● Exercise: Repeat exactly the line that contains "2016 Mitsubishi Outlander Phev New PCO!!!" and every line below it to the end of the material, omitting all others.

● Input for this task:
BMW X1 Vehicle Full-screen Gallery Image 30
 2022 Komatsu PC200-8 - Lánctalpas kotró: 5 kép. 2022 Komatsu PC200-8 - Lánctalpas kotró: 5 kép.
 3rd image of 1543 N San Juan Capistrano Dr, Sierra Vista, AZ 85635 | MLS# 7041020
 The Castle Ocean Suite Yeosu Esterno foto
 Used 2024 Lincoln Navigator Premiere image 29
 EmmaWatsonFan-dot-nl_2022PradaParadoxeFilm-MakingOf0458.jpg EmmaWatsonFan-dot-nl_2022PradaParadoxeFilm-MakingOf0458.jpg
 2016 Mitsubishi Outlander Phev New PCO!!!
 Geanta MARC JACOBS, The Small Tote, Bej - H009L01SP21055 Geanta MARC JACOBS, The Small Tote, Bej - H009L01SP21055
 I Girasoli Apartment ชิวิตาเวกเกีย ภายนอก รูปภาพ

● Answer to the exercise:
 2016 Mitsubishi Outlander Phev New PCO!!!
 Geanta MARC JACOBS, The Small Tote, Bej - H009L01SP21055 Geanta MARC JACOBS, The Small Tote, Bej - H009L01SP21055
 I Girasoli Apartment ชิวิตาเวกเกีย ภายนอก รูปภาพ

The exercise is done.